It was not that late, 11pm, when I returned from dinner with Brigitte, in Amber, but the drive made me aware of how different India is at night. It becomes quite frightening, and I sat in the back of my comfortable Ambassador taxi and mused as to why.
Leaving the house to go home we passed lots of dark shadows where no light could fall, and suddenly, looming out of the blackness was an enormous elephant with a huge branch in it’s mouth. Usually they have cyclists straps on their ankles, if elephants have ankles, but this one did not and it made us jump and swerve wildly. Next a large bull was just standing, ruminating, in the middle of the road. Magnificently profiled against Amber Fort. Down the hill into Jaipur there were just dogs, packs of them running on the road and then we were at the first traffic light in the city, one of those strong yellow ones that changes the colour of everything. Along the side of the road there was a fluffly white dog trotting beside a huge, really huge, black rat. Having recently read Neverwhere by Niel Gaiman I was slightly startled by the site. There was no animosity, no chasing, just travelling companions.

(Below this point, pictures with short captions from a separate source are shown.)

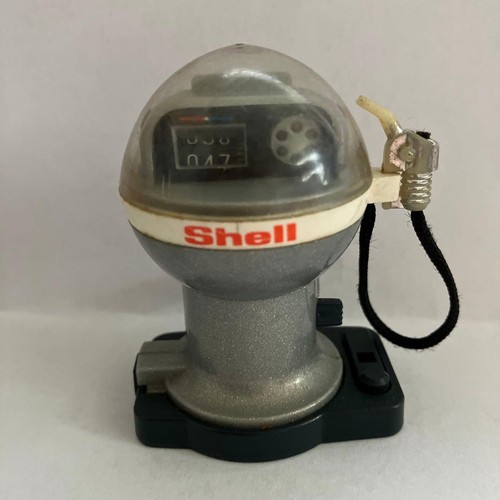 Pompa gas tomica vintage - a,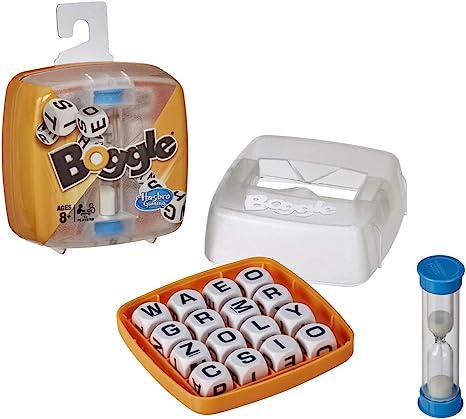 Hasbro Gaming Boggle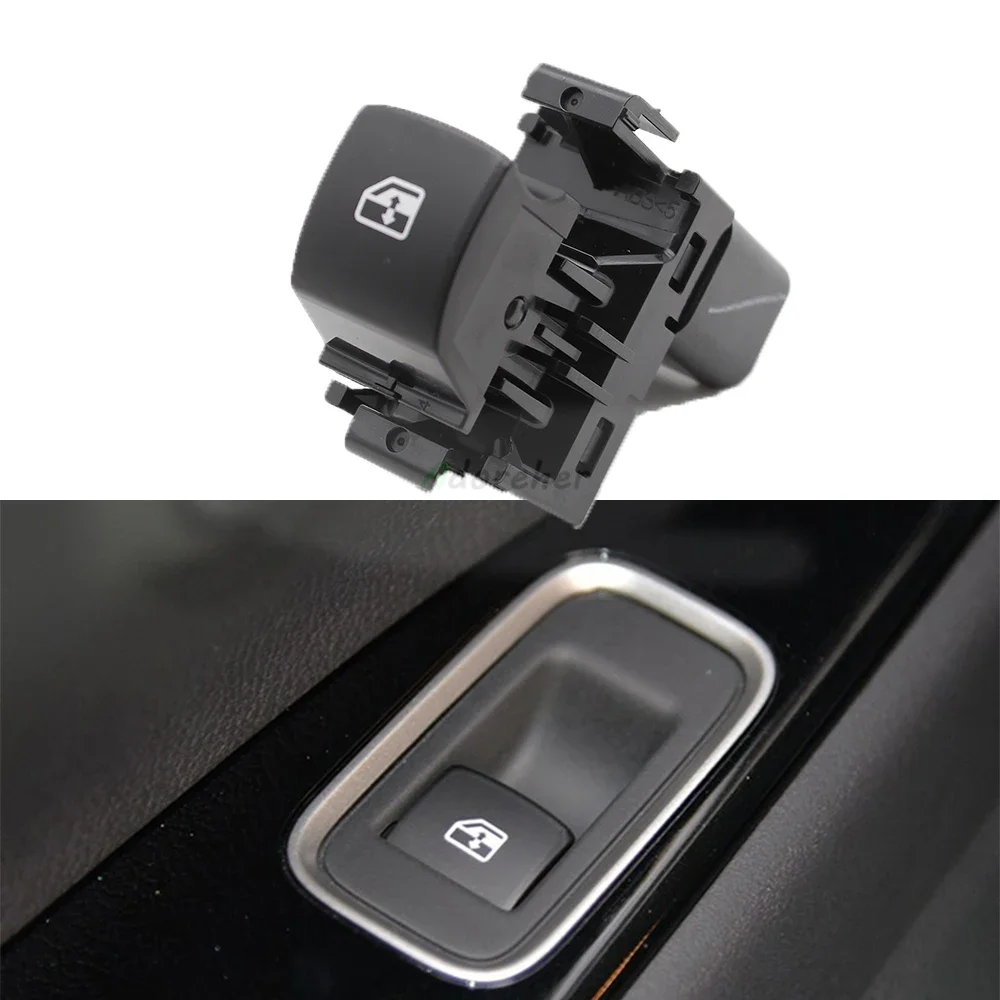 Car Left/Right Electric Glass Lifter Control Switch Auto Window Control Button Switch for Mitsubishi Outlander 2013-2018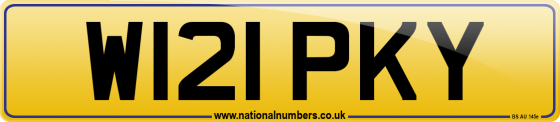 W121 PKY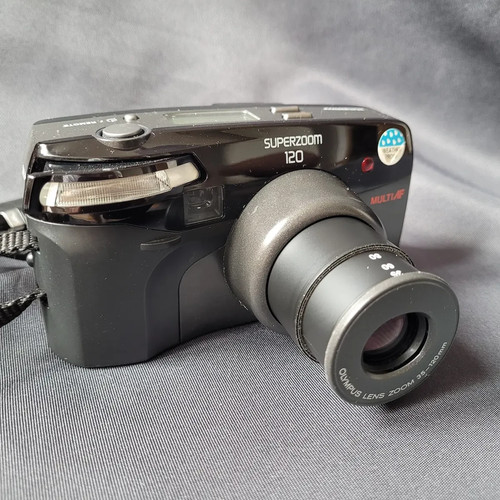 Olympus superzoom 120 - olympus, multi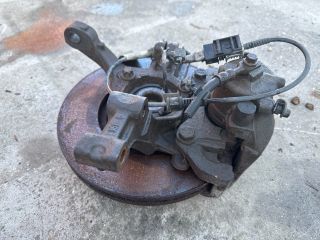 bontott OPEL ASTRA H Jobb első Csonkállvány Kerékaggyal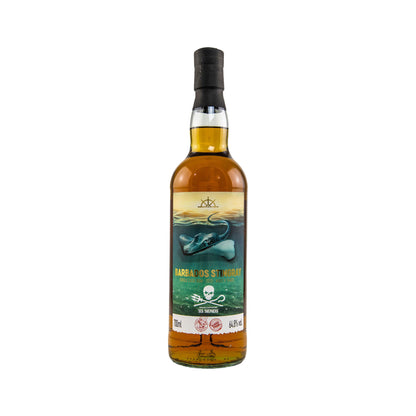 Barbados Stingray 2013/2022 – Sea Shepherd - FRC Single Cask Rum - Selected by Kirsch Import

The only lit areas are the shops and traffic lights. Everything else shrinks into darkness, and there are men lying asleep under blankets like shrouds, dotted along the road side. Rickshaw wallah sleep on their rickshaws, precariously balabced on the handle bars and the seat, security guards sleep in chairs, plastic chairs under naked 100 watt bulds, taxi drivers all park their smart white cars together in a huddle and sleep across the double front seat. The whole place shuts down and becomes spooky and scary. One feels as though the bhoots, spirits, lurk in every shadow, curling around the darkness waiting to jump out and scream Boo!
But it did not happen. We had no reason to stop. We just drove sedately past and I thought about what is and what could be and the choices we make that take us to our current life experience.